# Huge -20db dip at 40Hz, Audyssey can compensate?



## mc_lover (Aug 25, 2012)

A few days back I REW(ed) by SVS Pb-13ultra. Only Subwoofer was measured.
The subwoofer response shocked me. I didn't realize that there has been a big dip like this in my HT
My question is that Audyssey is capable of fixing this dip? 
or if the response curve steeper than -3dB (as pointed somewhere in the forum), 
Audyssey will not XT32-compensate 



Another question.
So far, I have used REW to measure only one speaker at a time without a connection to AVR
Laptop --> Preamp-- > Power amp--> Speaker

If I want to measure all 7.1 speaker AVR......
Laptop --> Preamp --> what AVR input to connect ?
Thank you


----------



## sdurani (Oct 28, 2010)

Audyssey can't fix a 20dB dip. Likely no equalizer can without blowing the subwoofer amp. 
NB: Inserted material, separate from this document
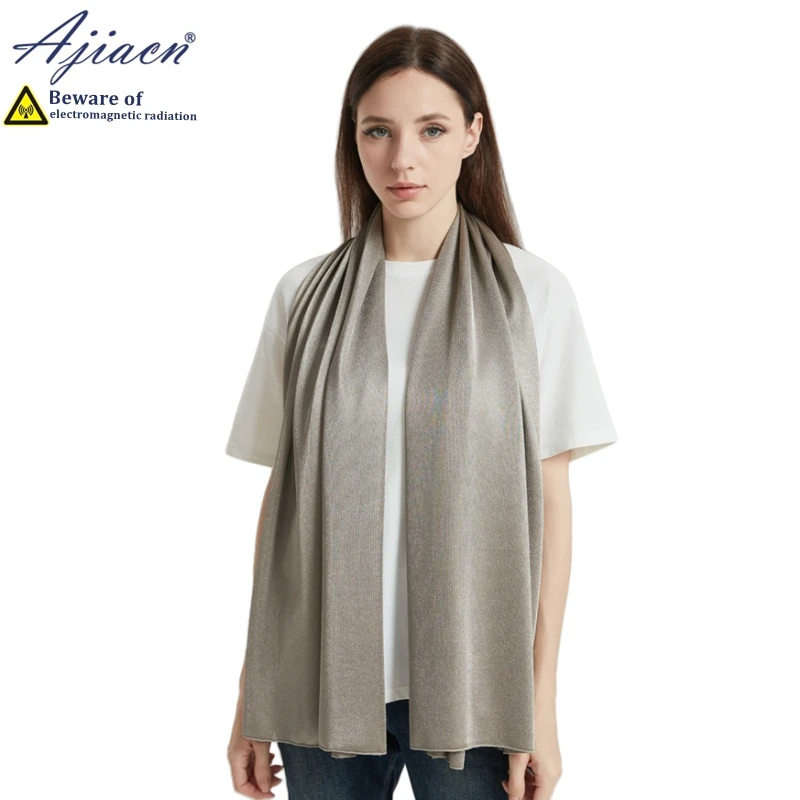 Silver Fiber Anti Radiation Scarf for Electromagnetic Protection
Do you have a room dimension that is around 4 to 4.5m?


----------



## mc_lover (Aug 25, 2012)

it's 3.5 by 5.5 meter
wow. Audyssey cannot fix this dip..this much... I got it.
I have to do a new placement.. keep changing until it's less dip?
or my room size cannot accommodate the sub?


----------



## sdurani (Oct 28, 2010)

Yup, keep moving the sub around until the frequency response improves. Try the midpoint of your front or back wall, or right behind your seating if possible (when all else fails try nearfield bass).


----------



## Owen Bartley (Oct 18, 2006)

Yeah, unfortunately 20dB is a big change. Let's see how bad my calculating skills are...

an increase of 3dB requires doubling the power (?) so assuming you're using 100 watts, you're looking at:
3dB increase = 200w (power x 2)
6dB increase = 400w (power x 2)
9dB increase = 800w (power x 2)
12dB increase = 1600w (power x 2)
15dB increase = 3200w (power x 2)
18dB increase = 6400w (power x 2)

That seems absurd... I must have fudged that theory somehow, but in any case, you are right, relocation is your best option by far. Follow Sanjay's advice and move the sub around until you find the sweet spot. This might mean that your main listening position sounds great, and the other seats are awful, or you might get lucky and have a location that works fairly well across the board.


----------



## mc_lover (Aug 25, 2012)

My system has two subs. SVS PB-13ultra and another Velodyne CHT12000.. it worked together with Audyssey XT32. and SUB EqHT.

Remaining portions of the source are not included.